Sound people complain, and we should complain because of our low status in storytelling relative to the importance of our contribution.  But progress gets made.  Larry Blake reminded me a few days ago about Murray Spivack, a mixer whose films won 11 Academy Awards for sound, but he only got two of them.  Murray mixed from the 1930’s to the 1960’s, and before the 60’s the Sound Oscar went not to the people who actually did the sound work but instead to the bureaucrats who ran the sound departments at the big studios.  I guess the idea was that sound was a communal effort.  Of course the visuals were a communal effort too, but you can bet that the cinematographer, not the head of the camera department at the studio, was always the one up there on the stage to accept the statuette.  Sound editors didn’t get Oscars on a regular basis until the 1980’s.

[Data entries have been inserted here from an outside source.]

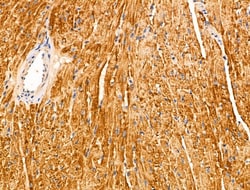 Invitrogen ANO9 Polyclonal Antibody 100 &mu;L; Unconjugated:Antibodies,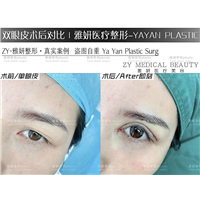 广州雅妍双眼皮价格 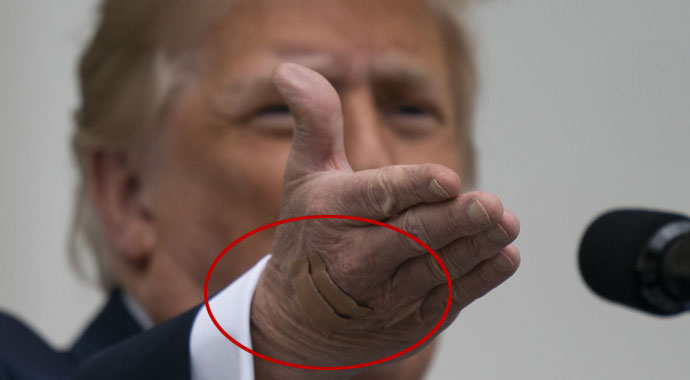 'Trump’ın başkalarına Covid-19 bulaştırma riski artık yok'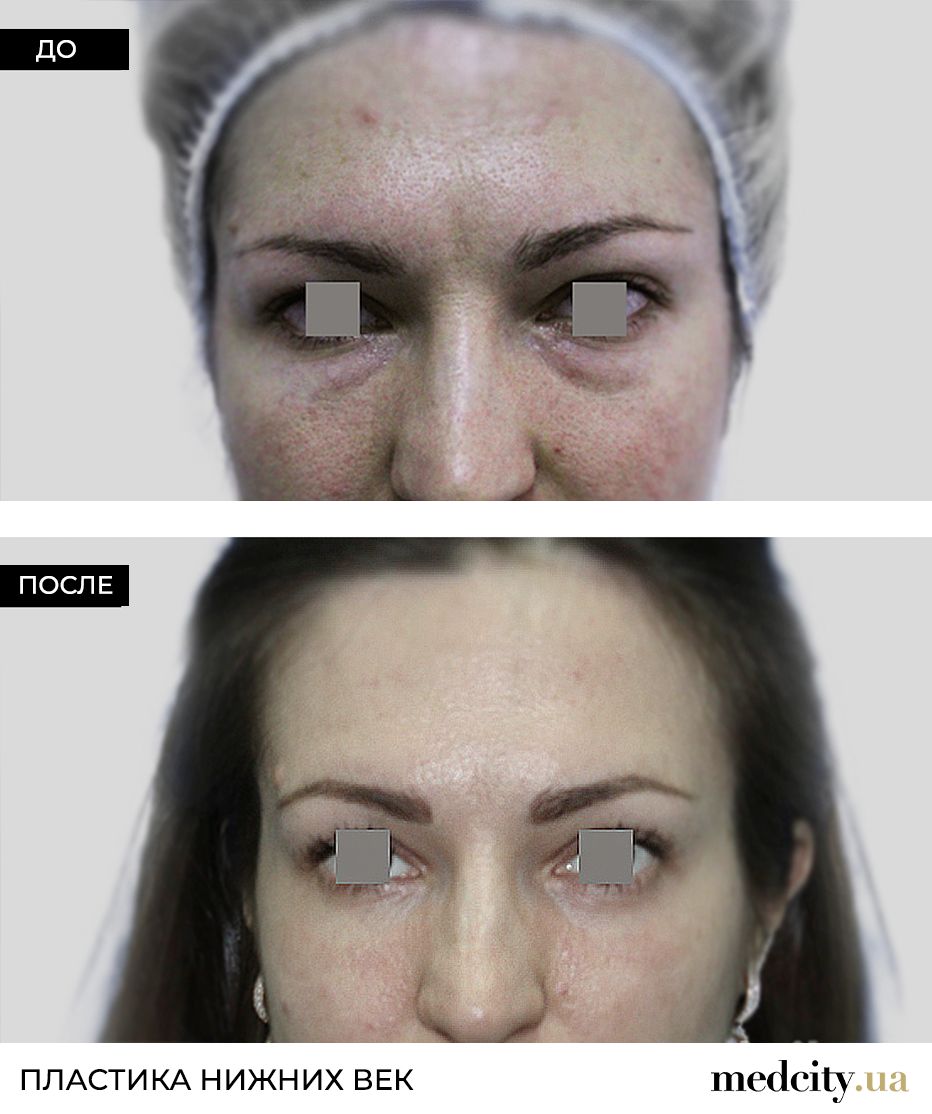 dz50ecllapm4r4nc6lneeckdwpyt2x6y.jpg dz50ecllapm4r4nc6lneeckdwpyt2x6y.jpg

Though the budgets continue to get smaller, and schedules shorter, there are other reasons to be optimistic.  One is the Sundance Institute’s annual Music and Sound Design Lab at Skywalker Sound.  Young filmmakers are introduced to the idea that the time to begin thinking seriously about the sound in their movies is in pre-production, and I can testify that it’s a joy to see that light bulb flashing on in their heads.  Nothing to complain about there.

Randy Thom

 

Larry Blake:   http://www.imdb.com/name/nm0086626/?ref_=fn_al_nm_2

Murray Spivack :   http://www.imdb.com/name/nm0819203/?ref_=fn_al_nm_1

http://www.sundance.org/blogs/news/2016-skywalker-sound-film-composers-sound-design-lab

 

 

 

One thought

  1. Well said. Since it is also an invisible format and no qualification is actually in place for most industries when it comes to sound, anyone can have an opinion. Because of this it is often an after thought to productions.